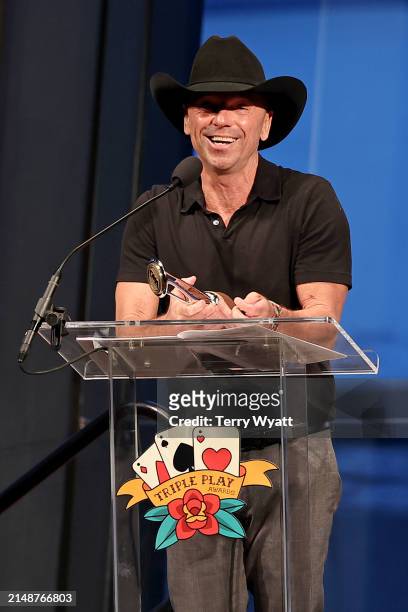 Kenny Chesney speaks onstage during the 14th CMA Triple Play Awards at Country Music Hall of Fame and Museum on April 15, 2024 in Nashville,...
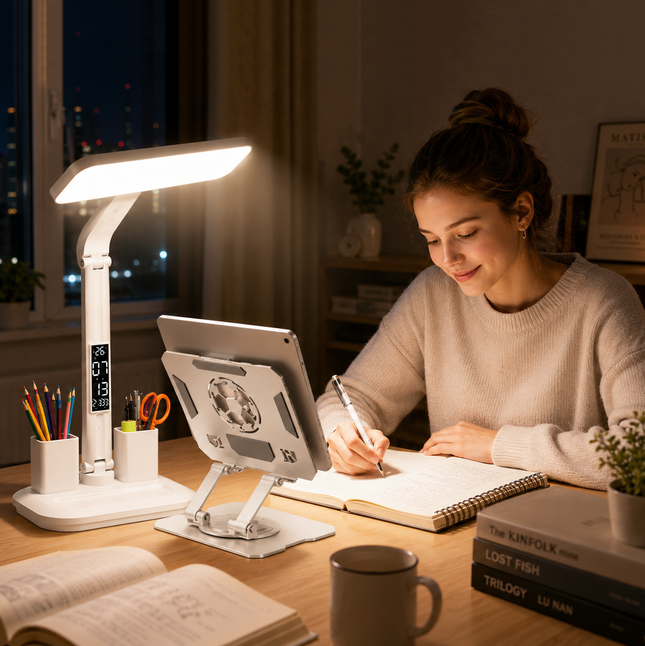 White 360 Degree Rotating Tablet Stand and Foldable LED Desk Lamp Study Set Adjustable Reading – product detail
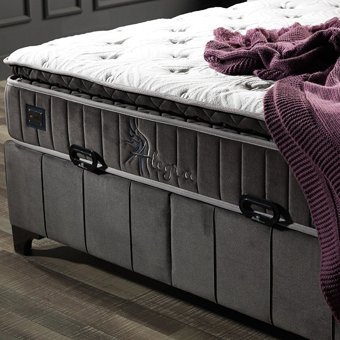 Armis Alegra 180 x 200 cm Yataklı Başlıklı Çift Kişilik Sandıklı Baza Seti Antrasit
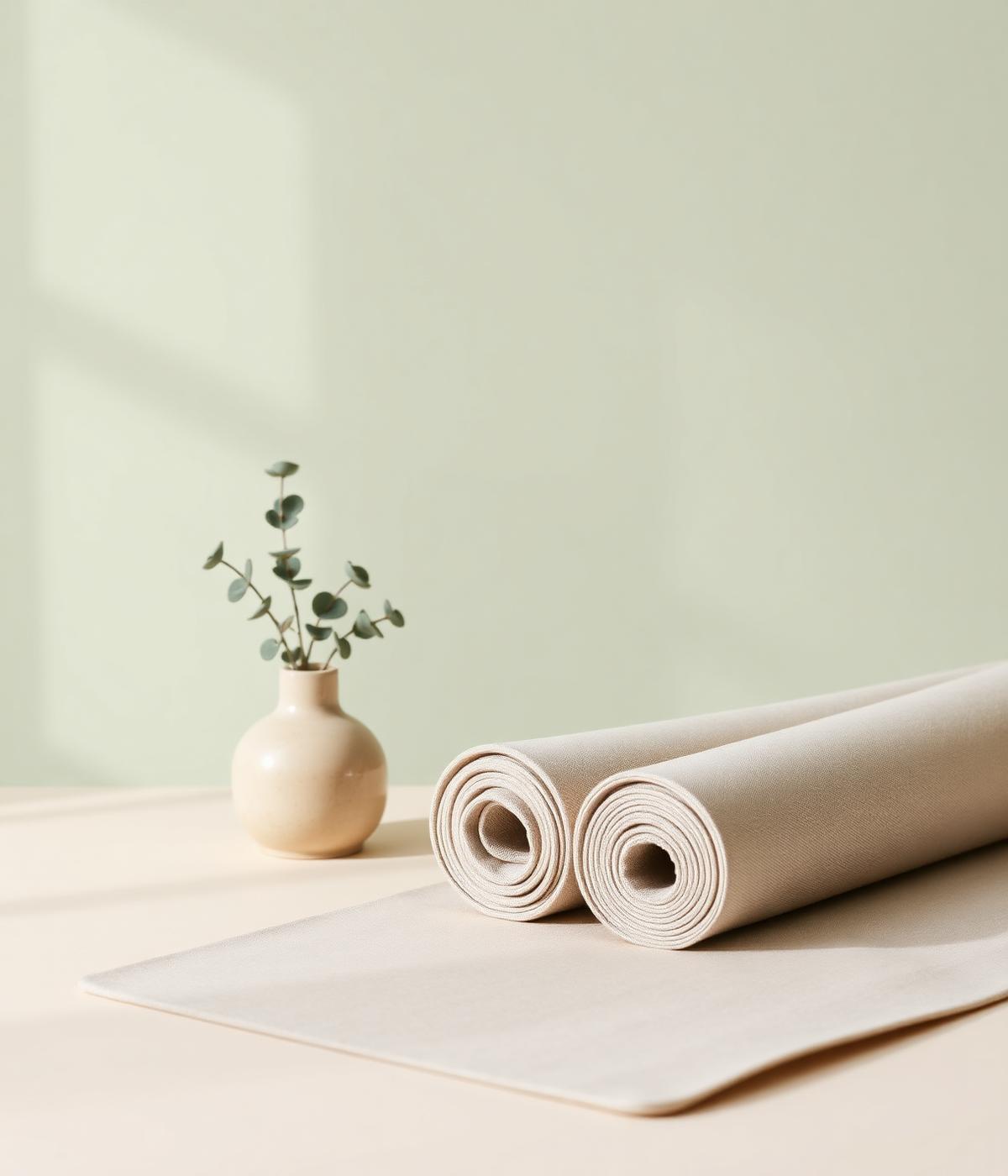 Linen Pilates mats and a small ceramic vase with eucalyptus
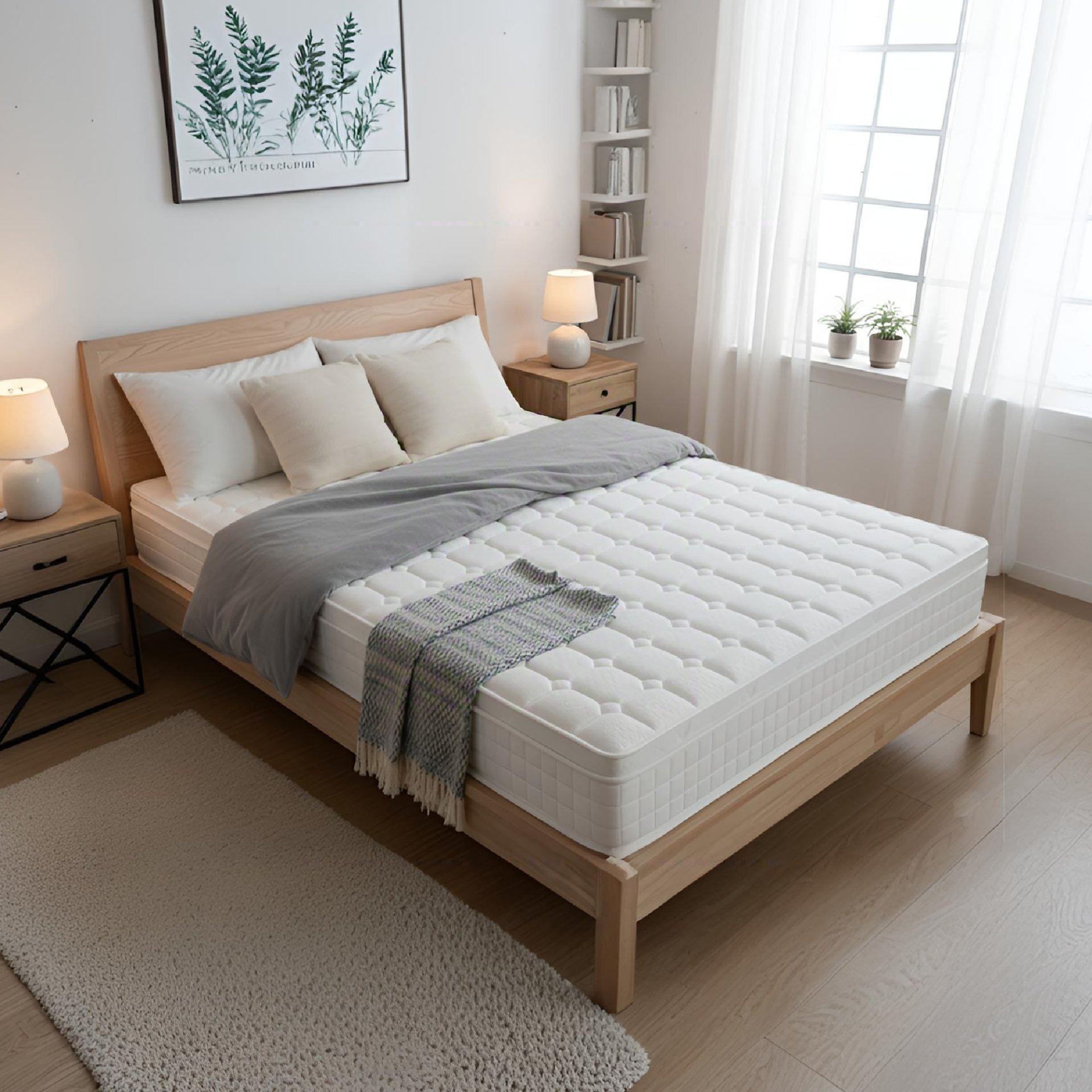10" Queen Mattress, Innerspring Hybrid With Gel Foam For Motion Isolation, Pressure Relief & Edge Support - White - Image 2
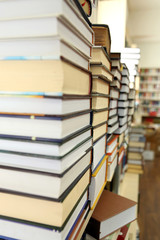 Book stack in library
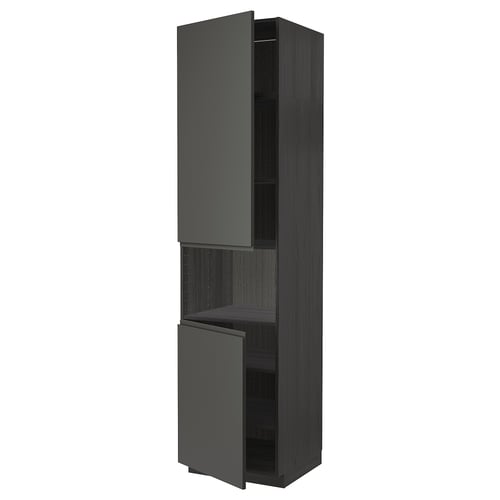 METOD kitchen cabinet, grey, tall, two doors, particleboard.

----------------------------------------

[Problem to solve]:
Every line from the one containing "White - Image 2" to the final line of the records must be transcribed exactly, both ends included, with the pictures left out.

[Solution for this exercise]:
10" Queen Mattress, Innerspring Hybrid With Gel Foam For Motion Isolation, Pressure Relief & Edge Support - White - Image 2
 Book stack in library
 METOD kitchen cabinet, grey, tall, two doors, particleboard.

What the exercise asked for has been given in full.